Menurut Martin, pupuk subsidi tidak dapat diberikan begitu saja kepada seluruh petani. Setiap kelompok tani harus terlebih dahulu menyusun kebutuhan pupuk selama satu tahun yang kemudian dimasukkan dalam Rencana Definitif Kebutuhan Kelompok (RDKK).
“Untuk pupuk subsidi ini prosesnya harus disampaikan kepada masyarakat dan petani bahwa penyalurannya melewati usulan yang namanya RDKK. Kelompok tani membuat usulan kebutuhan mereka selama satu tahun, kemudian diunggah ke aplikasi. Setelah itu baru pemerintah mendapatkan alokasi pupuk sesuai dengan usulan yang diajukan petani,” ujarnya.
Ia menjelaskan, alokasi pupuk subsidi yang diterima daerah berasal dari kebutuhan yang diusulkan petani melalui kelompok tani. Karena itu, petani yang tidak mengajukan usulan melalui kelompoknya tidak akan masuk dalam daftar penerima pupuk subsidi.
Martin menegaskan bahwa pupuk subsidi bukan bantuan gratis dari pemerintah. Pupuk tersebut tetap harus ditebus oleh petani, namun dengan harga yang lebih terjangkau karena sebagian biaya telah disubsidi pemerintah.
“Pupuk subsidi bukan gratis, tetapi disubsidi pemerintah sehingga harganya lebih murah dan dapat dijangkau oleh petani,” katanya.

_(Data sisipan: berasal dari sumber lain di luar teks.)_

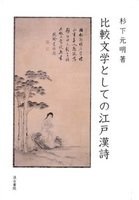 日文比較文学としての江戸漢詩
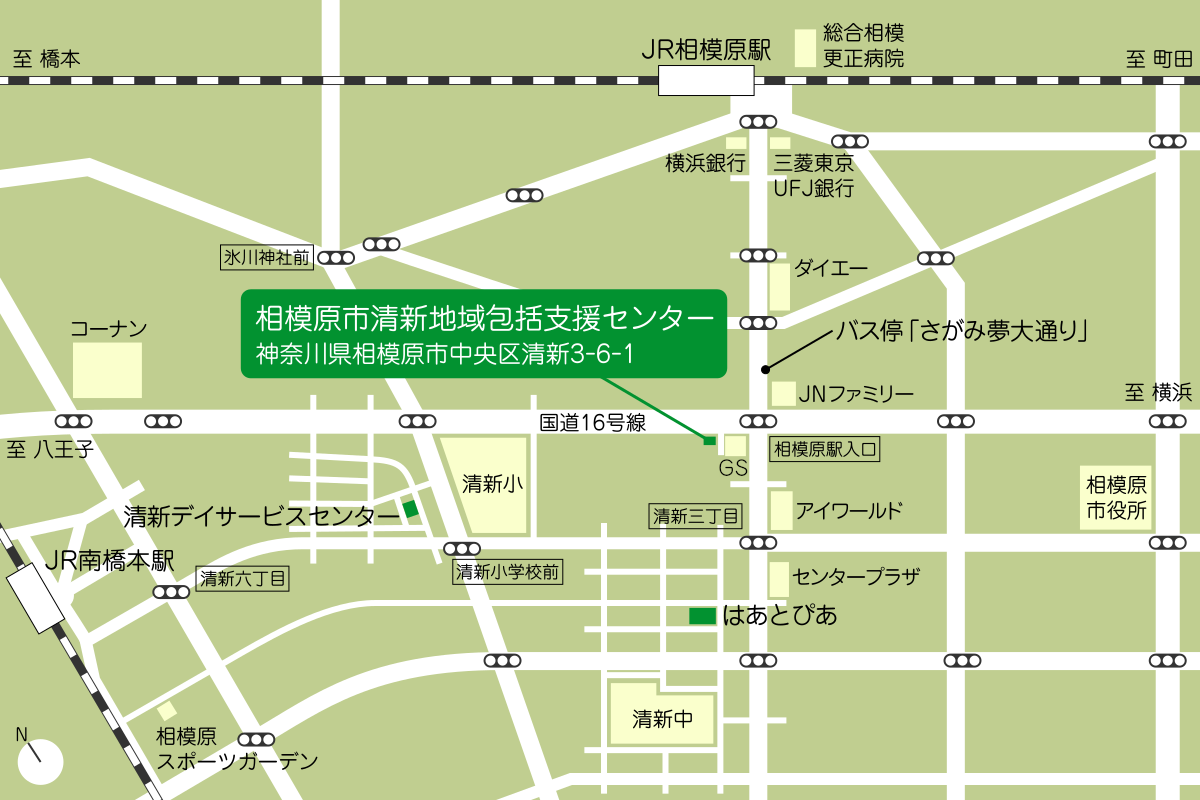 相模原市清新地域包括支援センター案内図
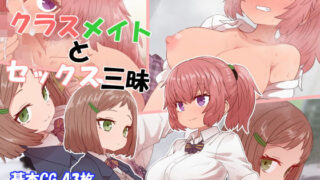 d 157664pl 320x180 - クラスメイトとセックス三昧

Lebih lanjut, Martin mengatakan alokasi pupuk subsidi di setiap kecamatan tidak selalu sama. Besarnya alokasi bergantung pada jumlah kebutuhan yang diajukan oleh kelompok tani di masing-masing wilayah.
Jika terdapat kecamatan yang kelompok taninya tidak mengajukan kebutuhan pupuk subsidi, maka alokasi yang tersedia dapat dialihkan ke kecamatan lain yang memiliki kebutuhan lebih besar.

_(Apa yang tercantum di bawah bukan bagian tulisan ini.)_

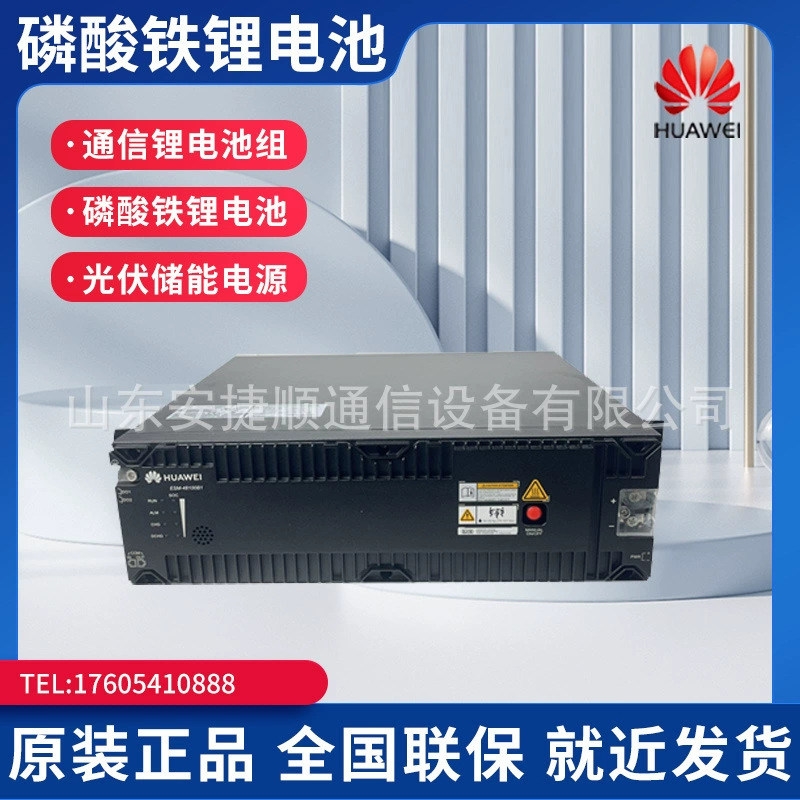 華為ESM48100B1磷酸鐵鋰電池組 48V100AH高性能通信儲(chǔ)能鋰電池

“Kalau ada kecamatan yang kelompok taninya tidak mengajukan usulan, maka alokasinya bisa dialihkan ke kecamatan lain yang lebih membutuhkan,” jelasnya.
Ia juga mengingatkan bahwa penyaluran pupuk subsidi harus melalui kelompok tani dan tidak dapat dilakukan secara perorangan. Petani yang membutuhkan informasi lebih lanjut dapat berkoordinasi dengan penyuluh pertanian lapangan (PPL) di wilayah masing-masing.

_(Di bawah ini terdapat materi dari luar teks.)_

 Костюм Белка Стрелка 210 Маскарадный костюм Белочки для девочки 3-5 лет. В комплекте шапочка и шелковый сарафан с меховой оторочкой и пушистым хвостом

Menurut Martin, penyaluran pupuk subsidi saat ini sudah berjalan dan dilakukan menyesuaikan dengan musim tanam. Jika petani mengajukan kebutuhan untuk dua kali musim tanam dalam satu tahun, maka distribusinya juga akan disesuaikan dengan kebutuhan tersebut.
“Kami berusaha semaksimal mungkin menyesuaikan penyaluran pupuk dengan musim tanam agar benar-benar memberikan manfaat bagi petani dan mendukung peningkatan produktivitas pertanian,” tuturnya.
Adapun jenis pupuk subsidi yang tersedia bagi petani antara lain pupuk NPK dan pupuk Urea. Pemerintah berharap keberadaan pupuk subsidi dapat membantu petani meningkatkan hasil produksi sekaligus menjaga ketahanan pangan daerah.